Poppy Jasper Film Festival earns rave reviews for first-time
event
More than a thousand attendees watched short films and schmoozed with California-based movie-makers at this weekend’s inaugural Poppy Jasper Film Festival.
Festival chair Kim Bush told audience members at Sunday’s award ceremony the festival made a small profit and will return in November 2005. Organizers anticipate the festival will become an annual event.
“We are in the black, and we’re most definitely going to be here next year,” Bush said with contagious enthusiasm.
More than 200 people attended Friday night’s opening kick-off that screened a selection of five “Jurors’s Choice” films at downtown’s Granada Theater.
Film critic James Quillinan, who runs the Q’s Reviews film commentary Web site (www.qsreviews.com), gave the festival’s kick-off films a positive review.
“We go to a lot of movies, and we never see (short films) like these,” he said in the lobby after the screening. “It’s really, really fun to find shorts to see that are really worth seeing.”
The Poppy Jasper Film Festival is named after the semi-precious gemstone unique to Morgan Hill. It focuses on short, independently made films. It especially encourages local would-be Steven Spielbergs to make documentaries and story-based movies focused on South Valley themes.
Sean Becker of Hollister, a film major graduate of San Jose State University, showed his film “PARALLEL/PARALLEL” on opening night. It is a split-screen glimpse at alternative realities set in a bizarre downtown San Jose where an immense “banana man” spins people into new reality options.
“I’ve been looking for something kind of short to do, and I thought I’d show two screens and kind of change reality and go from there,” he said.
On Saturday morning, several films made by local children under 18 were screened at the Morgan Hill Playhouse adjacent to the Community and Cultural Center.
Included in that category was “My Rice: The Beginning” by Live Oak High School seniors Marius Layus and Billy Wong, both 17. It is a comic action-adventure Chinese martial arts movie with a social message. Both boys wrote, directed, produced, videotaped, edited and starred in the production that received the festival’s Student Award.

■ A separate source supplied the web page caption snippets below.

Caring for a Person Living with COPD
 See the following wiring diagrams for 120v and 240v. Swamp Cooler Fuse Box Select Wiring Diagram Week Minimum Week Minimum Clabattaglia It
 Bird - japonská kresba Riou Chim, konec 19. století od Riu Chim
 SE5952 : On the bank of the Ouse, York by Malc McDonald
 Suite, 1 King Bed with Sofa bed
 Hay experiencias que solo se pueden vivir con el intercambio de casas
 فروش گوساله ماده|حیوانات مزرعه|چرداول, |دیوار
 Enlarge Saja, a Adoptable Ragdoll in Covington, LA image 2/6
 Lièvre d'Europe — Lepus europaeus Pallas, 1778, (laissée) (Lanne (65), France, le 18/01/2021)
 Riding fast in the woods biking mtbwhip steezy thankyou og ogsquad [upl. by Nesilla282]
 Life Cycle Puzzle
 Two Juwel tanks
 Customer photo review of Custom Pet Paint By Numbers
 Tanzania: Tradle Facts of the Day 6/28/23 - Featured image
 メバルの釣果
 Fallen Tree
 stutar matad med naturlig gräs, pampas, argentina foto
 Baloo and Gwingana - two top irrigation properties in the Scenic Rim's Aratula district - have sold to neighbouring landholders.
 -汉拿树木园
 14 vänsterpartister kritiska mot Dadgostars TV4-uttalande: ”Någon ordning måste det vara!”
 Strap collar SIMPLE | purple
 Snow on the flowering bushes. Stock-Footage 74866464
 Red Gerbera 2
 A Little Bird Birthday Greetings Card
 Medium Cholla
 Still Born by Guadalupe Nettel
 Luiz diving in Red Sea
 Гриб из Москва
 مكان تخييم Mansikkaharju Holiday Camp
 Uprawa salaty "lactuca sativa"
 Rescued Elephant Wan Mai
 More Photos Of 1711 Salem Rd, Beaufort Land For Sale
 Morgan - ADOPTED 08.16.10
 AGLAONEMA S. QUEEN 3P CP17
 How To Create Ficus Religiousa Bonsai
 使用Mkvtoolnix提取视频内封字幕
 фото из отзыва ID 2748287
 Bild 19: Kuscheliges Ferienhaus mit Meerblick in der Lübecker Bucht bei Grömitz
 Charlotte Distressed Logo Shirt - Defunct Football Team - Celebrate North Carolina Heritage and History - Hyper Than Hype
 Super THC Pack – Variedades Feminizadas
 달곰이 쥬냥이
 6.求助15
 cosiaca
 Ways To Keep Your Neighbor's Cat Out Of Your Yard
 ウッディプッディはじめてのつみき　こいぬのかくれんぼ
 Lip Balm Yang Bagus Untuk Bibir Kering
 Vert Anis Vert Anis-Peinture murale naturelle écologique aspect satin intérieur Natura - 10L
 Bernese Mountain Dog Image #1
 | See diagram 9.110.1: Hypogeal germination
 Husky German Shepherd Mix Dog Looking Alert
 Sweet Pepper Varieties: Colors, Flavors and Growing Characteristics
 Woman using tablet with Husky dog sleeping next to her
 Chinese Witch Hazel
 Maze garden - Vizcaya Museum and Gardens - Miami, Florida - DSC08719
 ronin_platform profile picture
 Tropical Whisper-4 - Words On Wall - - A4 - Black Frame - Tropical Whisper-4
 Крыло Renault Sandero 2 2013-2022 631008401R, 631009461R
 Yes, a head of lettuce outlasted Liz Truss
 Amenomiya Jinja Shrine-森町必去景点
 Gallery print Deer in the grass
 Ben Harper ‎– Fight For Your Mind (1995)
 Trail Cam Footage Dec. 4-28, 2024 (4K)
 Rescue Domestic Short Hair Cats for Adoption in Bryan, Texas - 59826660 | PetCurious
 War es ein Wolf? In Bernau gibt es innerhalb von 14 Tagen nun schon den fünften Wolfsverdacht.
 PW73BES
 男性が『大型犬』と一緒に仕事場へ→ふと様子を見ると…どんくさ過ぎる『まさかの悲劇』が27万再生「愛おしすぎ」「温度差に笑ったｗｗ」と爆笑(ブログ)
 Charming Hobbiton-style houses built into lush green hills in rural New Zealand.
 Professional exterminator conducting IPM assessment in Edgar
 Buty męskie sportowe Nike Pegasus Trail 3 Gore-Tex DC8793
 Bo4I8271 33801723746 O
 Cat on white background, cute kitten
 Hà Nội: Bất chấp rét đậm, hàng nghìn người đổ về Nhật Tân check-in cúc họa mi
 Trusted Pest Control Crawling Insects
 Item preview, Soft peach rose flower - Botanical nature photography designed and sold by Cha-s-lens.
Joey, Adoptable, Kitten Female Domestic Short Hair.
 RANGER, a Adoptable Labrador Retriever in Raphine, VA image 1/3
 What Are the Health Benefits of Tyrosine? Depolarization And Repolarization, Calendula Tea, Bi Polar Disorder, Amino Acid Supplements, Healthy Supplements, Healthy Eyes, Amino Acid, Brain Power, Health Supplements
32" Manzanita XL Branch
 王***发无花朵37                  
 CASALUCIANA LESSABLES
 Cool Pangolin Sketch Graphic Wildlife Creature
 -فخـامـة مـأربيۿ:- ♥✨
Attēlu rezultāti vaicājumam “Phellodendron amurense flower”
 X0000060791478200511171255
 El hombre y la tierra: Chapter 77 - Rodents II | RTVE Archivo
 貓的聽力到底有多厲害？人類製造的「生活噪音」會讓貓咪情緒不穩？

“There’s a shortage of rice in China,” Wong said in describing the story. “I’m a special agent, and I come to America. I go to this guy’s house and steal his rice.”
Film moderator Neil Thomas said he was amazed at the variety of short movies submitted by the under 18s.
Other kid films included the theft caper “The Dysfunctional Duo and the Case of the Missing Shoe’” and a historical re-enactment of “The Montgomery Bus Boycott” performed and filmed by fifth graders at The Charter School of Morgan Hill.
And the world’s mushroom capitol’s own Chelsy Hice, 9, submitted a film about a local pioneer woman. “The Life and Times of Diana Murphy” was originally produced as a history project for her third-grade class.
“It’s so exciting to see youths that are very involved in making something creative and then being able to share that with the community,” Thomas said.
Saturday afternoon, a variety of workshops on film-makers gave budding talent a chance to learn how to create independent movies.
Saturday night, a theater full of film fans listened to Academy Award-winner visual effects wizard John Bruno share the secrets of making movie magic.
Bruno won for the ground-breaking effects for “The Abyss,” James Cameron’s 1989 undersea adventure.
“This is a short-film festival, which is really interesting to me,” he told audience members explaining why he came to Morgan Hill. “A lot of the other (festivals) are big-budget extravaganzas.”
Bruno grew up in the Monterey area. His career began while he was still a teenager working as the assistant to a syndicated cartoonist. In 1969, his artistic talents landed him a job with Walt Disney Studios. From there, he began moved on to designing the effects in movies such as “Young Frankenstein,” “Poltergeist,” “E.T.,” “Star Trek II,” “Ghostbusters,” “Titanic,” and other Hollywood blockbusters.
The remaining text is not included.